O Iraque.
"O atentado da passada quarta-feira contra a Mesquita Dourada de Samarra, um lugar de culto para os xiitas, e as retaliações contra os sunitas, puseram o Iraque muito próximo da guerra civil. Como normalmente acontece, para muitos, os principais culpados não são os que recorrem à violência, mas os americanos. Dito de outro modo, tudo começou com a guerra iniciada pelos Estados Unidos. Desta análise, conclui-se que tudo estaria muito melhor se Washington tivesse deixado Saddam no poder. Recordemos então como estavam o Iraque e a região antes da guerra. Deixando de lado a natureza brutal do regime e os métodos a que recorria para se manter no poder (como é fácil constatar a violação sistemática dos direitos mais elementares de milhões de iraquianos, para muitos que estão dispostos a tudo fazer para defender a liberdade de expressão dos ocidentais, são simples detalhes), vamos às questões estratégicas. Antes de mais, desde a libertação do Kuwait em 1991, Saddam estava no poder a prazo.

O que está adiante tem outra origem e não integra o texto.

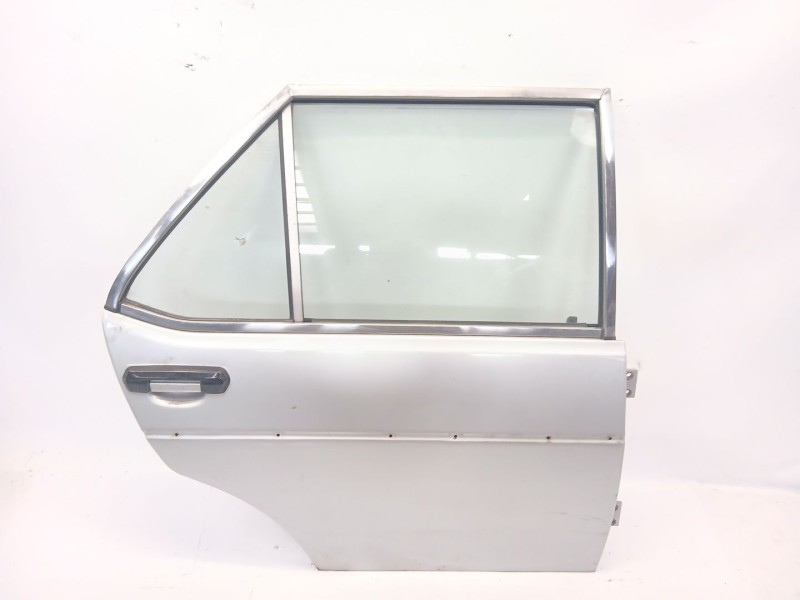 Recambio de puerta trasera derecha para seat 131 (131a) 2.4 diesel referencia OEM IAM   
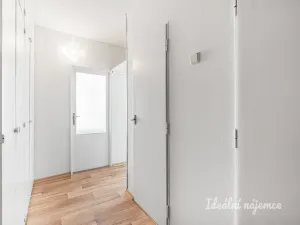 Pronájem bytu 2+kk, Praha, Slancova, 47 m2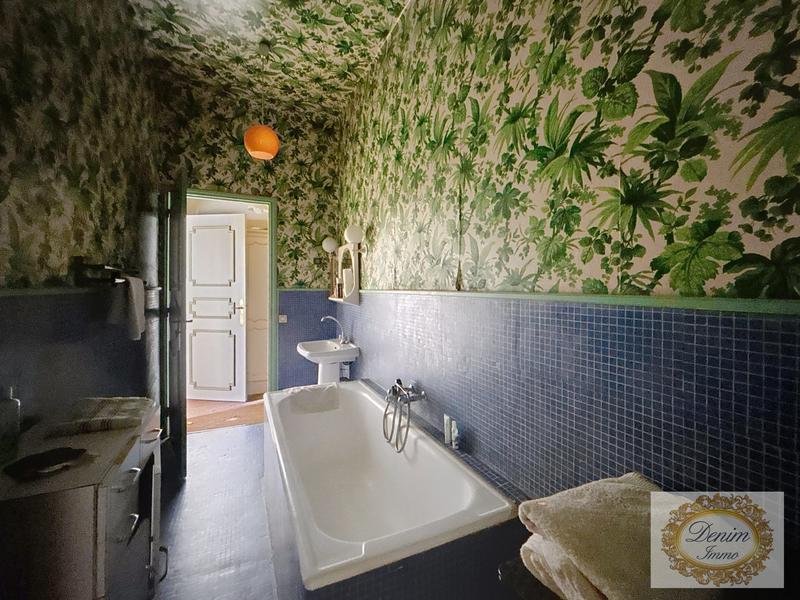 Maison - 500 m² - 11 pièces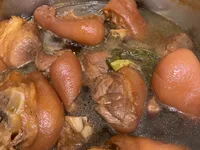 滷豬腳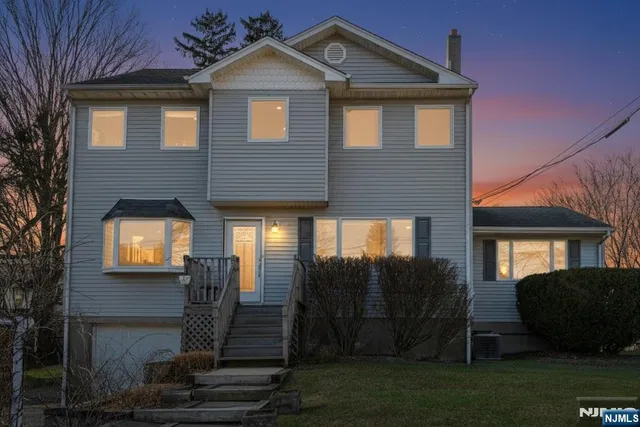 $565,000 | 8 Tyler Place, West Milford, NJ 07421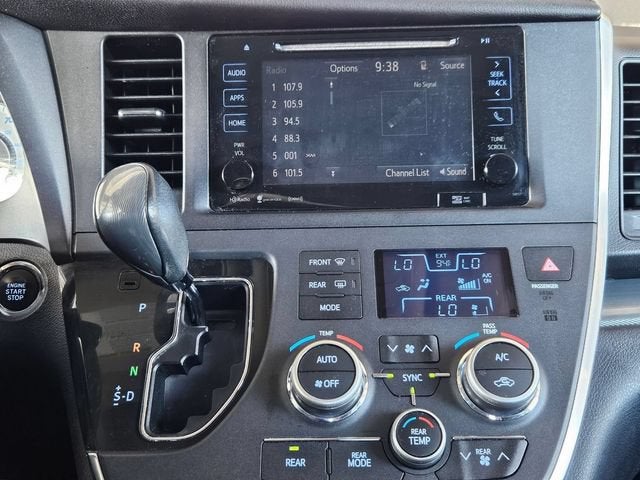 2017 Toyota Sienna SE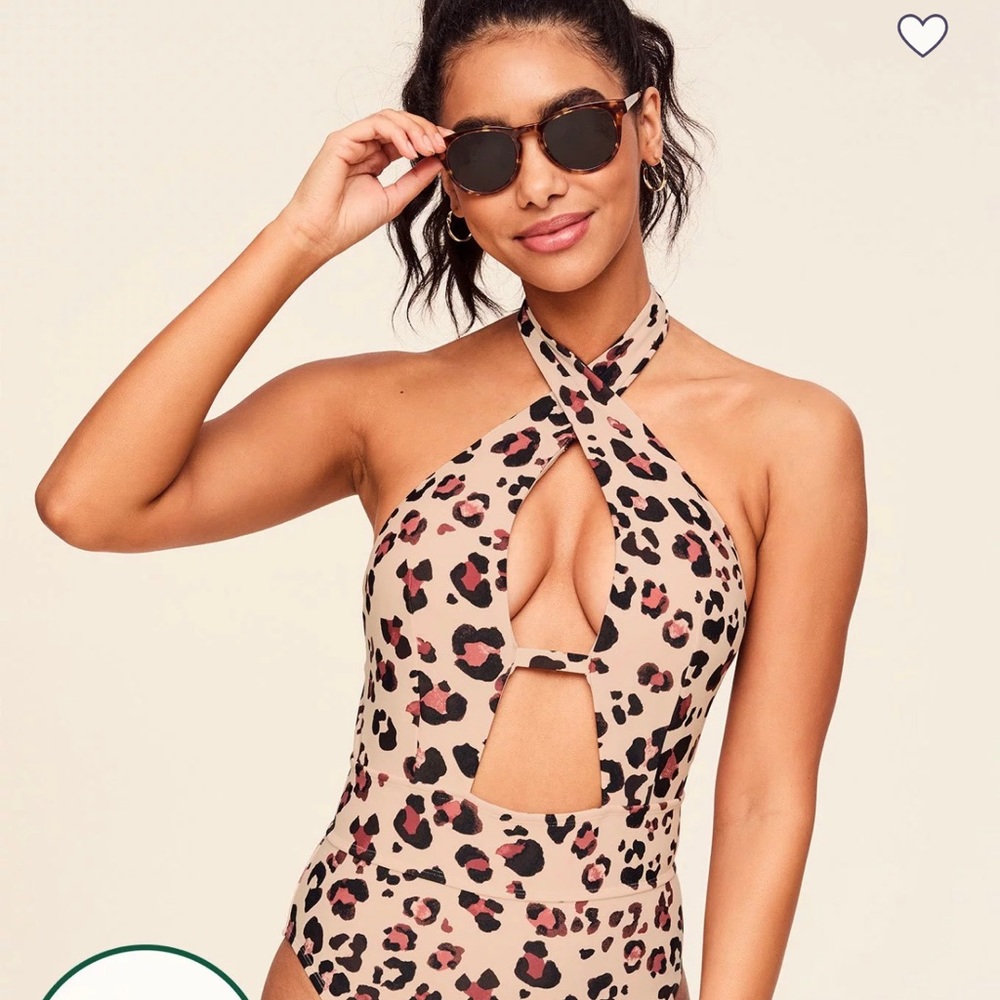 🩱One-Piece Bathing Suit | Convertible Style | Medium | Animal Print | Very Cute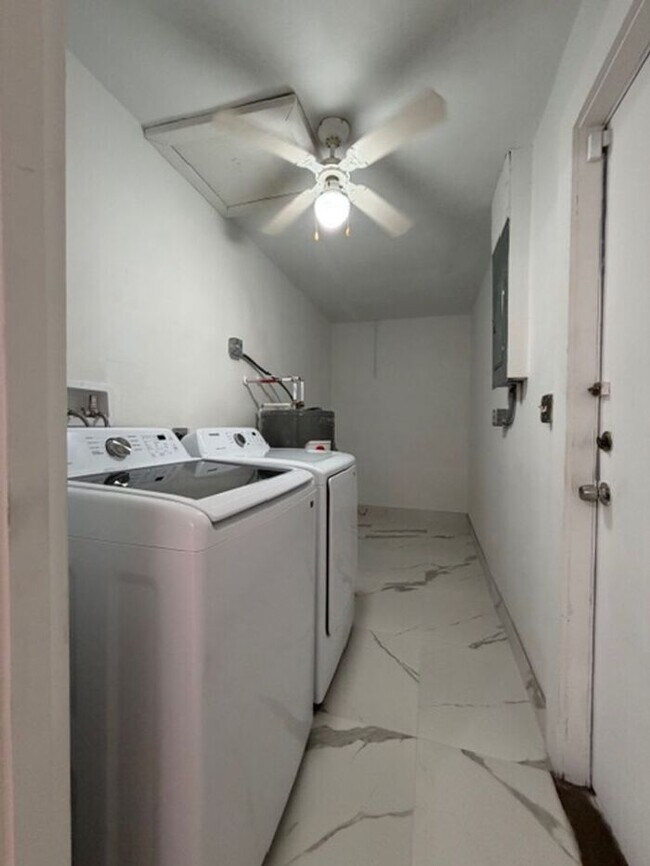 Building Photo - Easy Living with this 3 Bedroom Home on oversized fenced lot.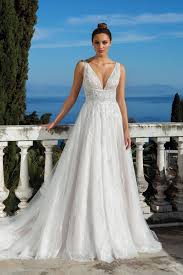 Der ausschnitt dieses brautkleides bietet eine sehr große vielfalt. Brautkleid Im Prinzessschnitt Mit Pailletten Und Strassstickereien Plunge Ausschnitt Und Tiefem Rucken Von Justin Alexander Modell 88112 Heiraten Mit Braut De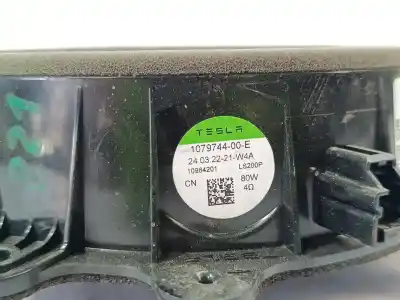 Pièce détachée automobile d'occasion HAUT-PARLEUR pour TESLA MODEL Y GRAN AUTONOMIA DUAL AWD 514 CV / 378 KW Références OEM IAM 107974400E  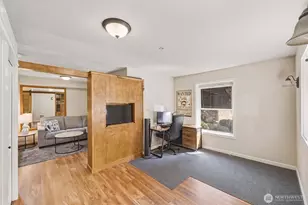 680 32nd St, Bellingham, WA 98225 - Photo 16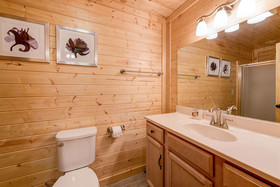 Emilys Hideaway Cabin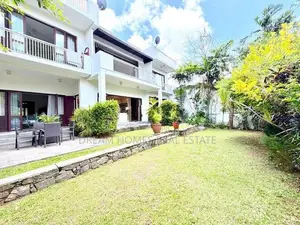 Spacious 6 Br / 5 Ba House for Sale – Colombathanthri Mw, Ethul Kotte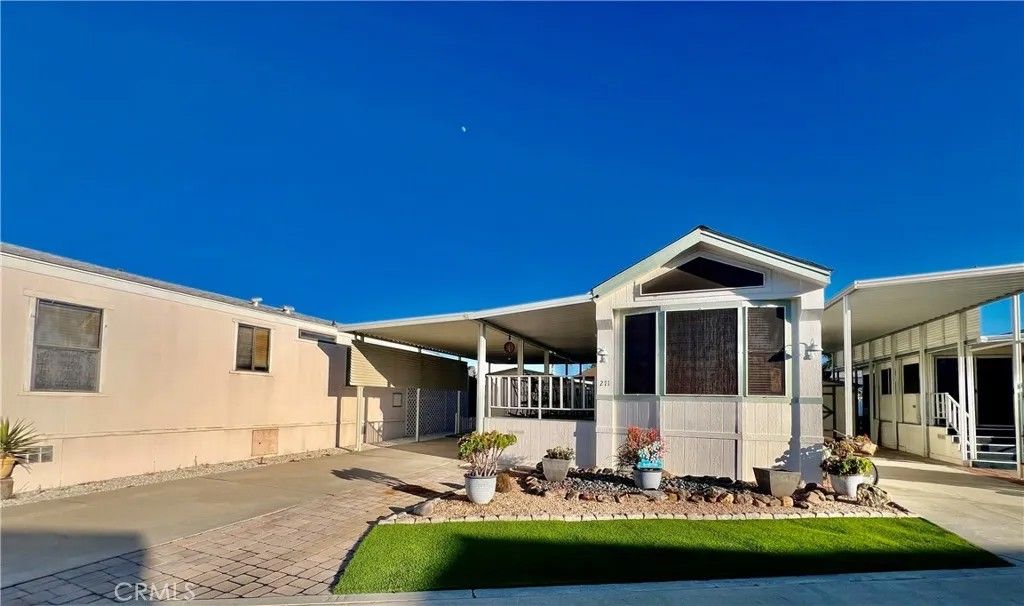 Photo of 1295 S Cawston Ave #271, Hemet, CA 92545 (MLS # SW25282179)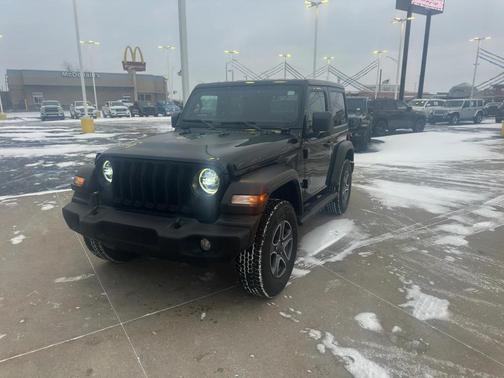 2022 Jeep Wrangler Sport S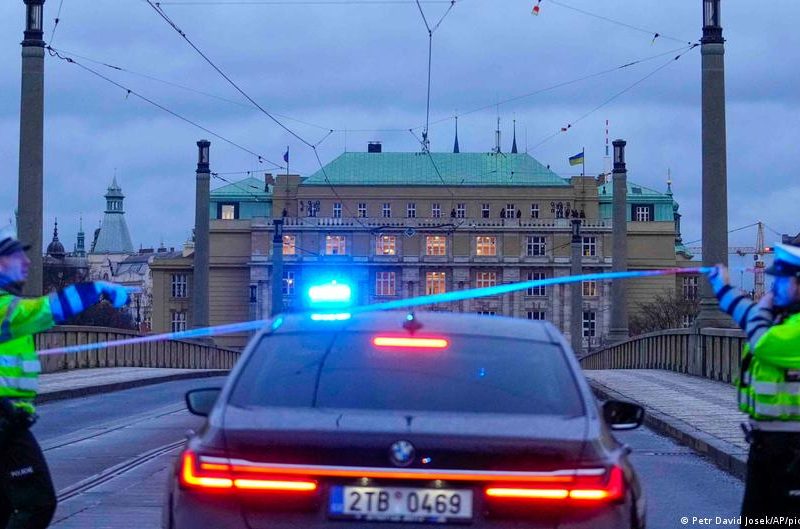 Diez muertos y decenas de heridos en tiroteo en la Universidad Carolina de Praga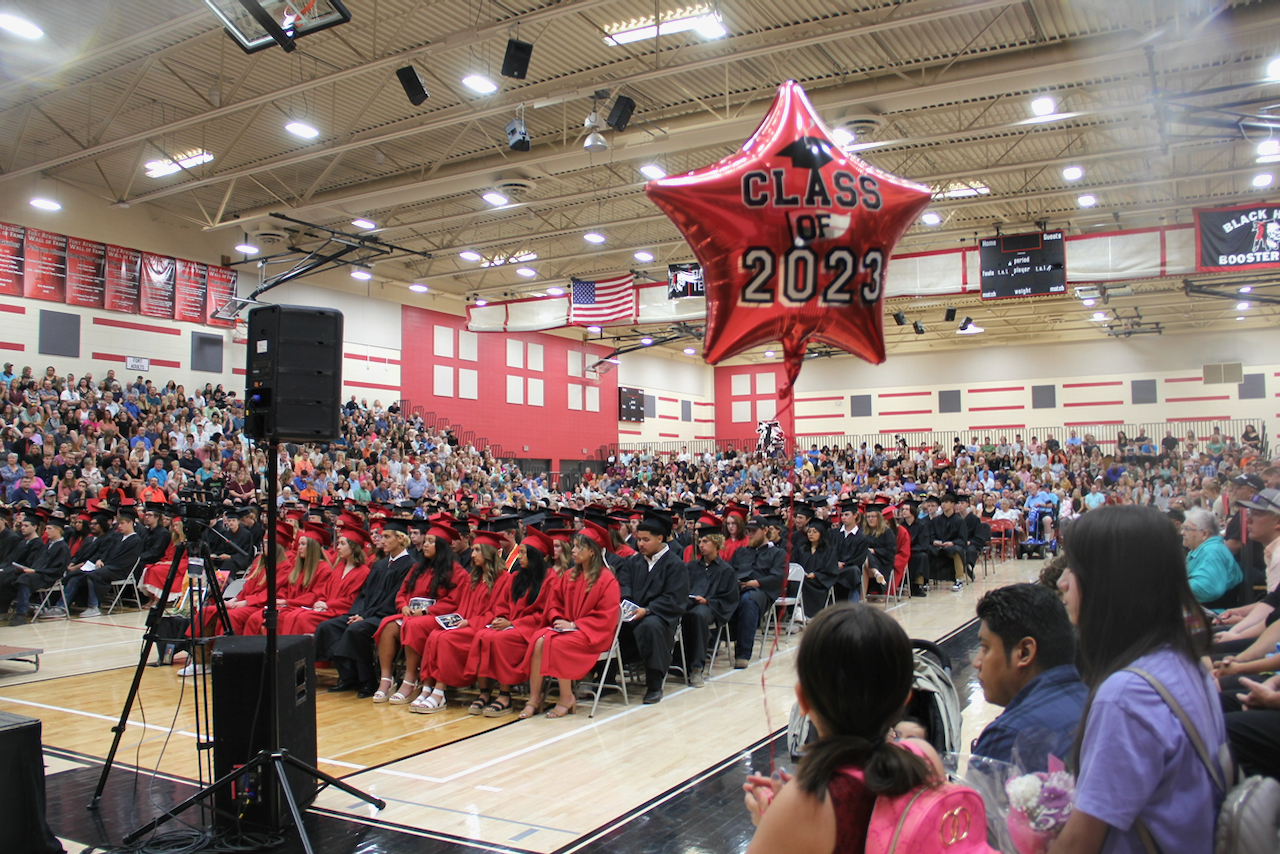‘Reaching for the Stars’ ceremony honors 248 Fort Atkinson High School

Não tinha legitimidade internacional, como demonstram as mais de 10 Resoluções aprovadas pelo Conselho de Segurança, durante os anos de 1990, a condenar o seu comportamento. Constituía uma ameaça aos seus vizinhos, o que exigia uma forte presença militar norte-americana na Arábia Saudita, com implicações negativas para a estabilidade política do reino. Além disso, quase um terço do território iraquiano, grande parte do Curdistão, já estava sob ocupação internacional, dando origem a uma ”região independente”. Ou seja, o Iraque estava numa situação insustentável.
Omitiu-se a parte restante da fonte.